N.B. Assemble the dumpling one by one as you roll out each wrapper (Do not stock up as they are very thin thus dry out very easily).
Place a spoonful of the filling (about 35g) in the middle of the wrapper.
Pleat into a round dumpling with about 15-20 folds (Please refer to my tutorial video below). You may leave the middle part open or sealed.
Line the steamer basket with steamer parchment paper, or cut regular parchment paper into squares (see note 5 if you are using a metal steamer).
Place dumplings in (leave at least 3cm/1inch space between them).
Bring water to a full boil in a wok/pot. Then put the steamer basket on top. Turn the heat to medium-low. Steam for 8 mins (if cooking over 10 dumplings at a time, increase to 10 mins).
Serve & eat
Bring the steamer basket to the table to serve.
Hold the top part of the dumpling with a pair of chopsticks. Pick up then place onto a soup spoon or a small saucer. Open a small hole with the chopsticks to let the “soup” flow out. Slurp up! (You may directly bite a small hole and suck out the soup but be careful not to burn your tongue)
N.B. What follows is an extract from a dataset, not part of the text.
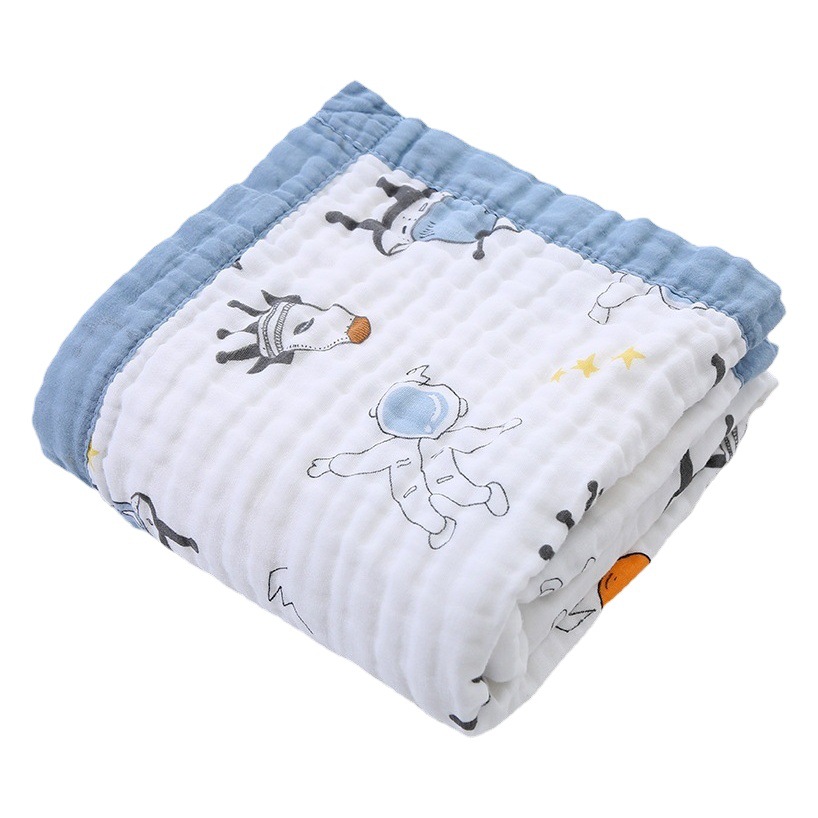 Fábrica al por mayor de los niños edredón recién nacido Bolsa De gasa edredón primavera y otoño verano gasa algodón manta de bebé Toalla de baño hoja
Gently dip the dumpling into the dipping sauce (mix vinegar with julienned ginger) then eat in 1-2 bites.
You may store leftover dumplings in the fridge for up to 2 days. Steam for 3 mins to reheat. However, you may not get any soup as the liquid is absorbed by the wrapper over time.
Since soup dumplings are very delicate, I don’t recommend you make them in advance or freeze.
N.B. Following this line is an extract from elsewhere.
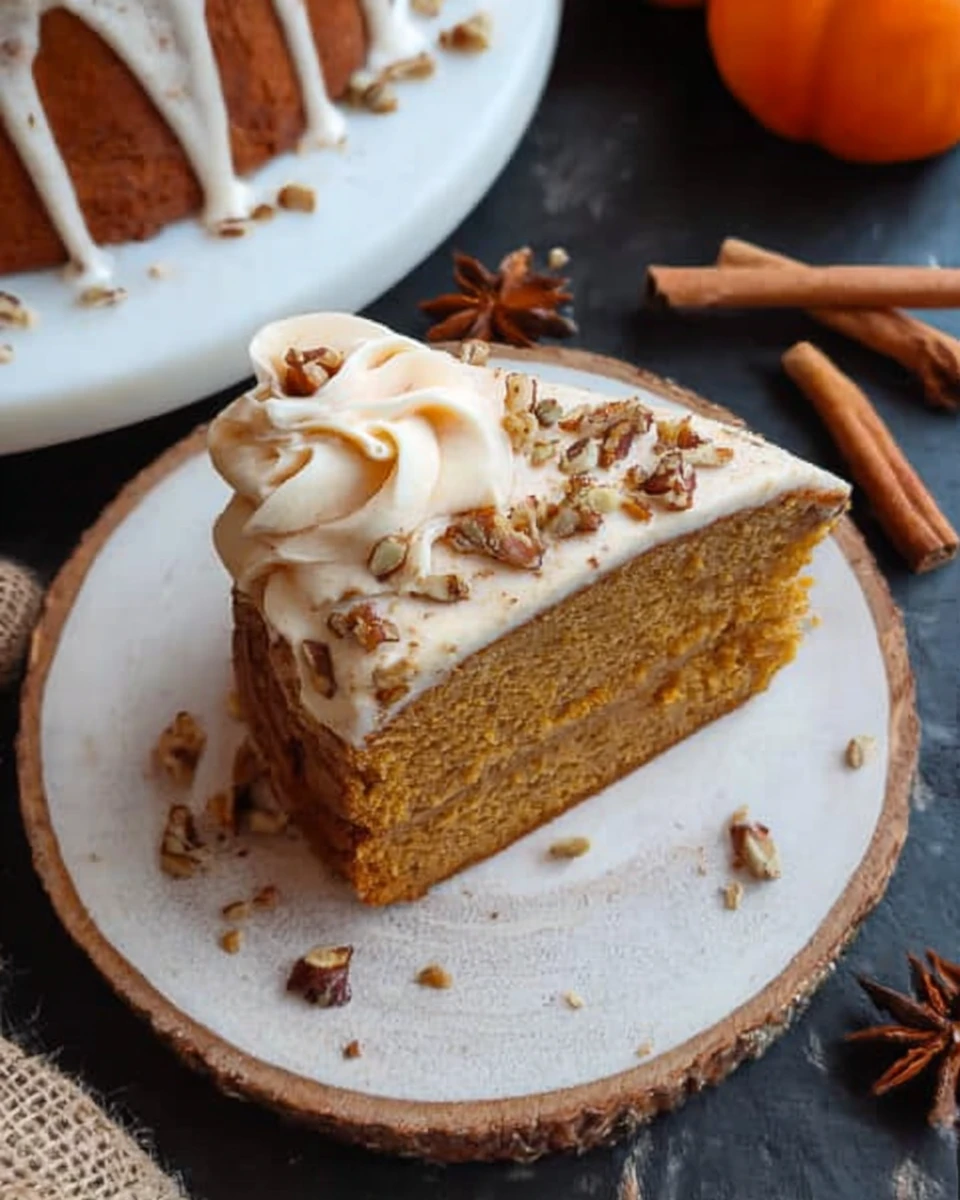 Christmas Spice Pumpkin Cake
1. The chicken aspic: If you are making a small batch of Xiao Long Bao and don’t need much aspic, you may roast some chicken pieces (instead of a whole chicken). Chicken thighs, drums and wings are all good choices.
2. The Flour type: Use all-purpose flour if it’s more accessible to you. If you wish to achieve a more refined look, use special dumpling flour or Italian type 00 flour with medium gluten level.
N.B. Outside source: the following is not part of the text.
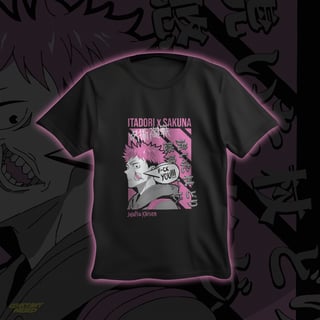 Camisa Itadori e Sukuna Jujutsu Kaisen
3. The flour-water ratio: Please feel free to adjust the tap water by increasing/decreasing 5g-10g. Flour of different brands have slightly different water absorption capacities. The humidity and room temperature could also affect the ratio. The finished dough should be soft but not sticky.
4. To prevent sticking: If available, you may use cornstarch instead of flour to dust the surface & your rolling pin. It has a smoother texture and makes rolling a little easier if you’re new to this. But use sparingly.
5. If you are using a metal steamer, you may brush a thin layer of oil on the basket to prevent sticking. Also, wrap the lid with a piece of cloth/tea towel to stop any condensation falling onto the dumplings during cooking.
6. The dipping sauce: Vinegar & ginger makes a classic dipping sauce for Xiao Long Bao. However, please feel free to use other condiments if you wish. Homemade Chinese chilli oil works well on its own. Or you can find some inspiration in my post on “Six dumpling dipping sauces”.